戦闘と心

 目覚めがこんなに悪いのは初めてだ……。


 右手の人差し指には親父にもらったアーティファクトの指輪を眺めてそう思った。


 泣いてしまったポピーを慰めたり、冷静になったポピーが恥ずかしがっておかしな空気になったりと散々だった。


 少し冷静になっていろいろ考えていたら沸々とイライラしたり『あそこまで言わなくても良くね?』と少し傷ついたりと俺の方でも散々だった。

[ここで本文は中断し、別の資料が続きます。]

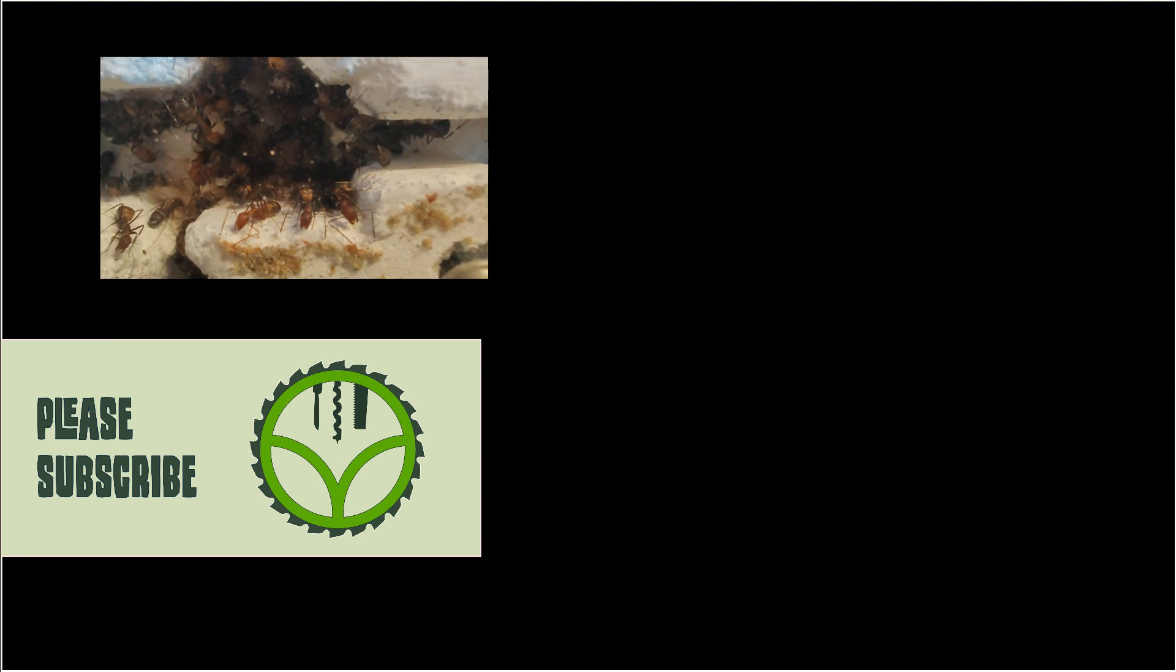Let me know in the comments what you think about the design and let me know in case you are interested in the 3D models. If there are enough people interested in the STL files I will share them on my website.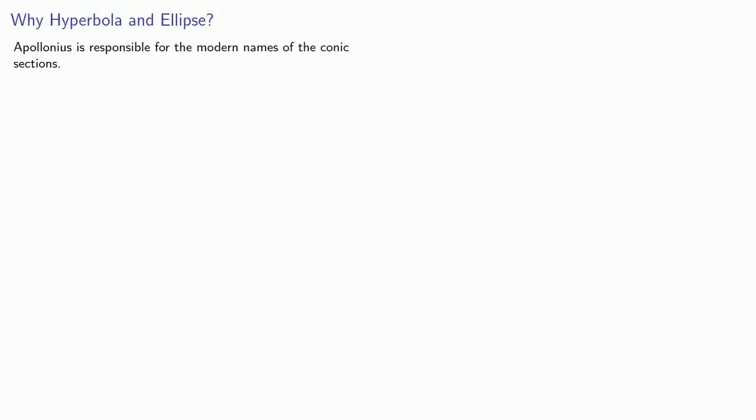So Apollonius is responsible for the modern names of the conic sections. The terms come from Euclidean geometry. And these come from the problems known as the application of areas, where the goal is to produce a figure with a specific area with a specific property.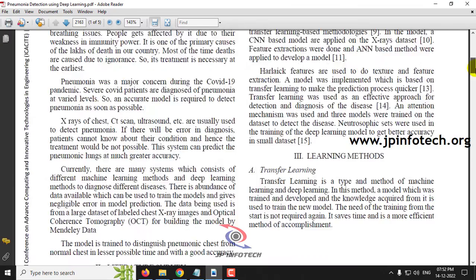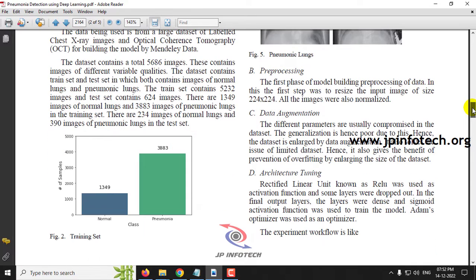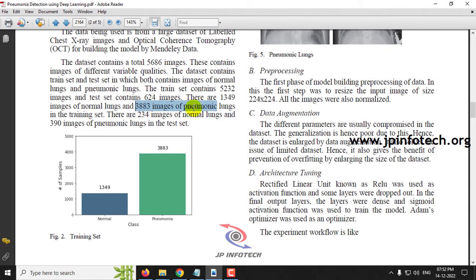Coming to the dataset — it consists of around 5,686 images, with both a test set and a train set. The train set consists of 5,232 images: 1,349 normal lung images and 3,883 pneumonia lung images. The test set consists of 624 images total, where 234 images are for normal lungs and 390 images are for pneumonia lungs.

 アーティファクトが言っていたことは理解はできるし、納得もしている。

 だが、どうにも不服だ。


 この指輪を使うとかはどうでも良いが、俺を甘く見たことを後悔させてやる。


 今日も頑張ろうとベットから起き上がる。


「おはようございます」

「おはよう」


 身支度を整え、稽古場に顔を出した。

 この早朝は年少組が朝練をしていることが多い。


 今日も朝練だったようでエルファスが凛と挨拶してくれた。


 そして近くに転がる年少組。

 俺に挨拶をしようと頑張って身体を動かそうとしているがダメそうだ。


「今日は一段とボロボロだね」

「スキルがどの程度有能かを確認ようといろいろやった結果です」

「なにか分かった?」

「中々素晴らしいスキルですね。しっかりと稽古をしてレベルを上げれば私では練習相手にもならないでしょう」


 エルファスにそこまで言わせるなんて凄いな。


「おや、遅れてしまいましたか」


 声のした方に振り向くと執事長が見知らぬ2人を連れてやってきた。


「いえ、時間通りです。執事長」

「今日から執事長ではないのでセバスと呼んでください」

「分かりました。セバス様」

「様も不要です」

「ですが……」

「私はエルデール様のお付きとなったのです。つまりはあなたの同僚です。仲良くしましょう。エルファス」

「分かりました。セバスさん」


 何だろう?

 叔父と孫のような雰囲気を感じる。

 ほのぼの空気だね。


「僕もセバスって呼べば良いかな?」

「はい。よろしくお願いします」

「よろしくね。それで後ろの2人は?」

「ジーニアスとパンテゥーニャと申します。騎士団に在籍していましたが、本日からエルデール様の近衛騎士に移動となりました」


 親父が言っていたのはこの2人か。


「パンテゥーニャです! エルデール様よろしくお願いします!」


 騎士に女性がいるのも珍しいけど、スッゴイ緊張してるのかガチガチで挨拶も声がデカい。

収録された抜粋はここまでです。